Asian Citrus Chicken

I’ve been working on finding creative ways to add more citrus to cooking. This was a delicious combination of citrus with salty flavors. Enjoy!

RECIPE CARD

TIME TO COOK: about 30 minutes (plus two hours to marinate!)

INSTRUCTIONS: CHICKEN MARINATION

  • 1 lb chicken (cut in 1 inch pieces)

  • 2 tbsp orange juice

  • 1 ½ tsp coconut aminos

  • 1 tsp pepper

  • 1 tsp garlic

  • 1 tsp ginger

  • Salt

     

INGREDIENTS: SAUCE

  • 1/3 cup fresh juice from an orange

  • ¼ cup soy sauce

  • 1 tbsp rice vinegar

  • 5 tbsp coconut aminos

  • ½ tbsp orange zest

  • 1 tsp ginger

  • ½ tsp red chili flakes

  • 1 tbsp sesame seeds

  • ½ tbsp honey

INGREDIENTS: TOPPINGS

  • ½ cup chopped green onions

  • 2 cups broccoli

  • 1 cup green beans

  • 1-2 cups uncooked rice

 

INSTRUCTIONS

  1. In an airtight container, combine all ingredients under “INGREDIENTS: CHICKEN MARINATION”. Allow to marinate for two hours.

  2. When the chicken has about 20 minutes left to marinate, cook rice according to package. Turn oven to 425F and line a small baking sheet with parchment paper.

  3. Combine all ingredients under “INGREDIENTS: SAUCE”.

  4. Toss the green beans and broccoli in ½ tbsp olive oil and put on baking sheet.

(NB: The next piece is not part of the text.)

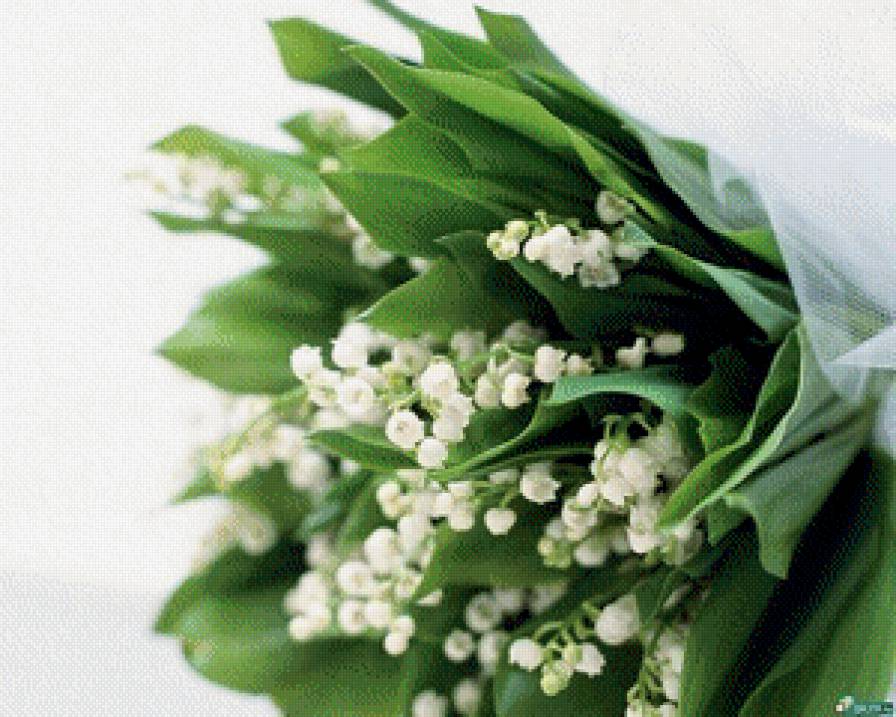 ландыши - природа, ландыши, букет, цветы - предпросмотр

Cook in oven for 12 minutes.

  5. Once chicken is done marinating, heat a medium saucepan with 1 tbsp olive oil on medium heat. Add chicken to pan with half of the sauce.

  6. Once the veggies are done, add to the sauce pan with the chicken. Add the remaining sauce to the pan.

  7. Continue cooking until chicken is thoroughly cooked, sauce thickens, and the veggies, sauce, and chicken are thoroughly combined.

  8. Serve with rice and chopped green onions!